Cabaret and The Tempest are career highlights, along with his current A Midsummer Night’s Dream, for the versatile Dow. The Seattle native, raised in Vancouver, has degrees in acting and directing from Canada’s University of British Columbia. He has performed in everything from classical plays to musical theatre and rock operas. He has appeared in sketch comedy on Canadian television, and made several trips to Broadway. After starting his professional career as a swing in the original Canadian production of Les Misérables, he has been to Broadway with Anything Goes, The Music Man, Jane Eyre and the most recent Jesus Christ Superstar.
November 15 – December 30, 2012
Shakespeare Theatre Company
at Sidney Harman Hall
610 F Street NW
Tuesdays thru Sundays with some exception
Tickets or call 202 547-1122
Singing is something that Dow came to from a young age, which he has continued throughout his professional career. As a seasoned cabaret performer, with a range of standards and musical theatre songs, critics have said, “Dow proves he can turn a song into an emotion-filled story and give it real personality.”
But for a short time, Dow thought he might not sing – or use his voice again. While playing the leading role of Pseudolus in A Funny Thing Happened on the Way to the Forum, Dow said he developed a vocal problem that nearly stopped his career. “I had a fifty-fifty chance I would get better, and luckily it all worked out.”

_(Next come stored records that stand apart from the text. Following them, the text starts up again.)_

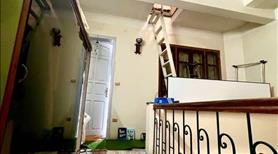 Bán gấp nhà phố cầu giấy phân lô oto chánh 60m2x5t giá chỉ 16 tỷ vẫn TL - Ảnh 2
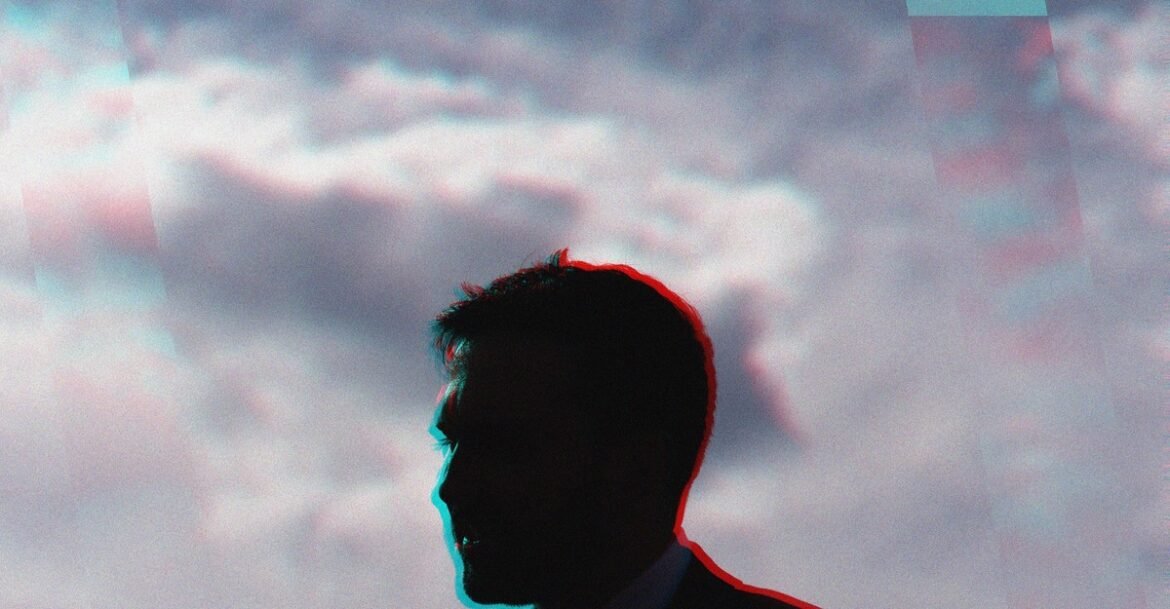 The Question-Mark Mayoralty - The Atlantic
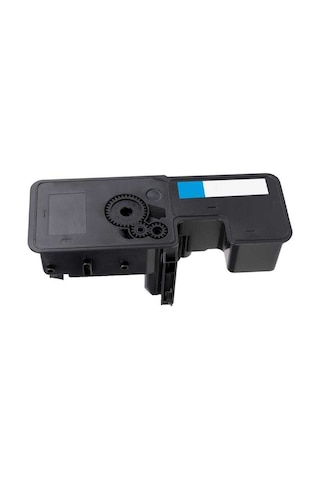 Kyocera Tk-5240-1t02r7cnl0 Mavi Uyumlu Toner Great Toner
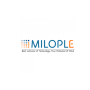 milopletech profile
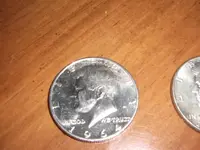 coin3.webp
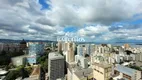 Foto 26 de Apartamento com 1 Quarto à venda, 36m² em Centro, Porto Alegre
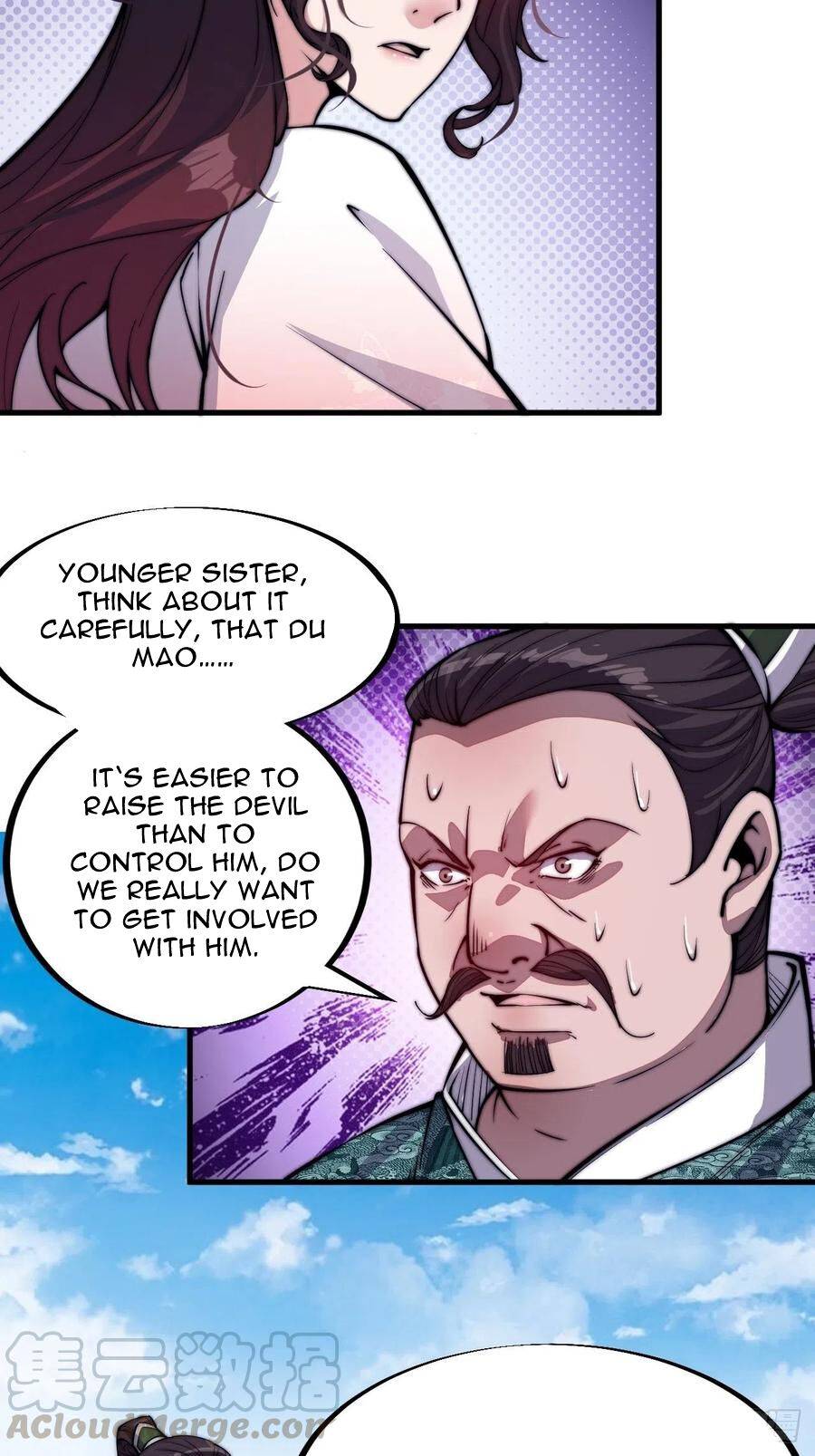 Page 19 of Chapter 50
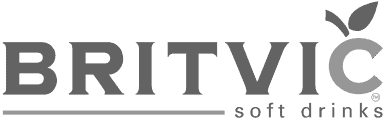 logo-5-3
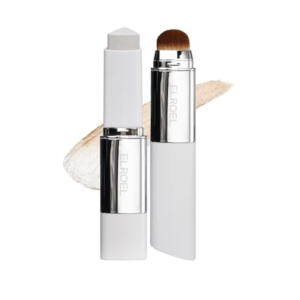 Elroel Blanc Cover Cream Stick Light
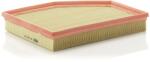 Mann-filter Filtru Aer C30139 Bmw 5/6/Z4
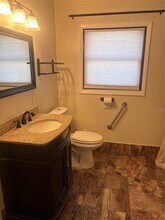 1137 Oaks Blvd in Winter Park, FL - Building Photo - Building Photo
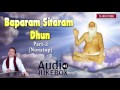 Hemant Chauhan | Nonstop | Baparam Sitaram Dhun | Part 2 |  Bapa Sitaram | Gujarati Bhajan 2016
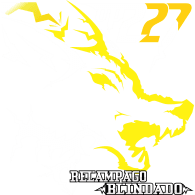 OP227 emblem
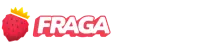 Logo fraga-kazino.usaidgems.org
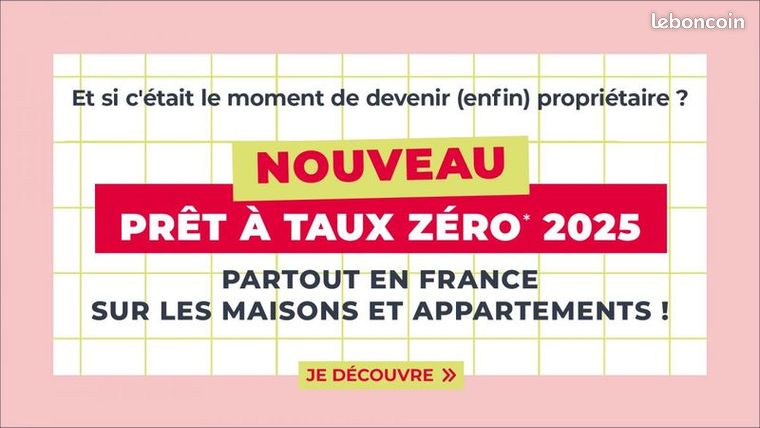 https://img.leboncoin.fr/api/v1/lbcpb1/images/1c/fc/45/1cfc45aa64eff2a6577fba75de73dd49d96a89e3.jpg?rule=ad-image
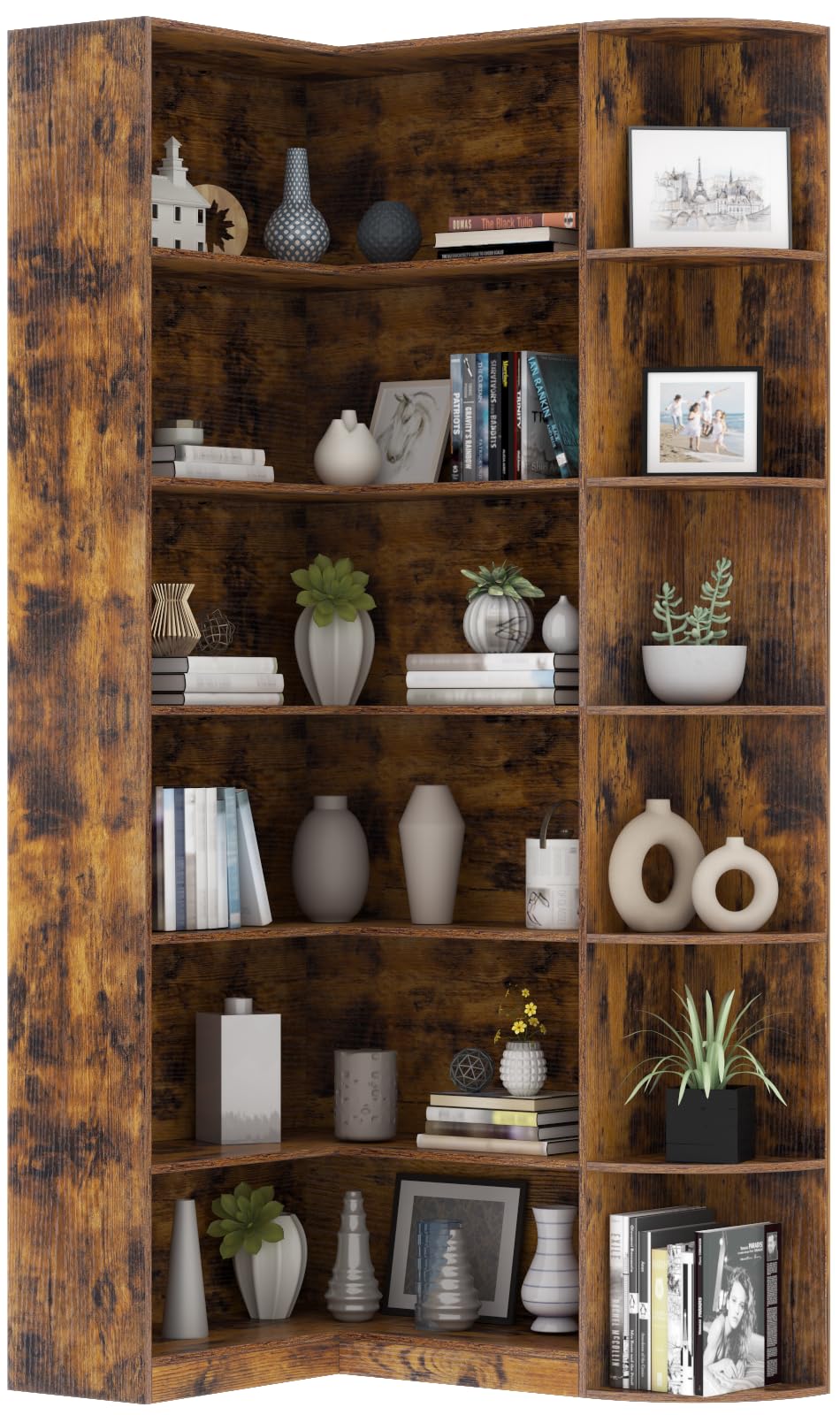 PFS STACKING BOOK CASE Lサイズ（A） STACKING BOOK CASE | Original Furniture,Shelf, Cabinet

Flipping from musical theatre to Shakespeare to Andrew Lloyd-Webber is something Bruce Dow takes in stride. “I was lucky in my theatre training; my professors believed acting is acting. There is no difference between any of it.”
“The script gives you the the mental and emotional world of the play. You look at it and decide, ‘am I living in a world of iambic pentameter or do I have to sing here?’”
Shakespeare Theatre Company audiences will get to share Dow’s performance in A Midsummer Night’s Dream, from November 15 to December 30, 2012 at Sidney Harman Hall.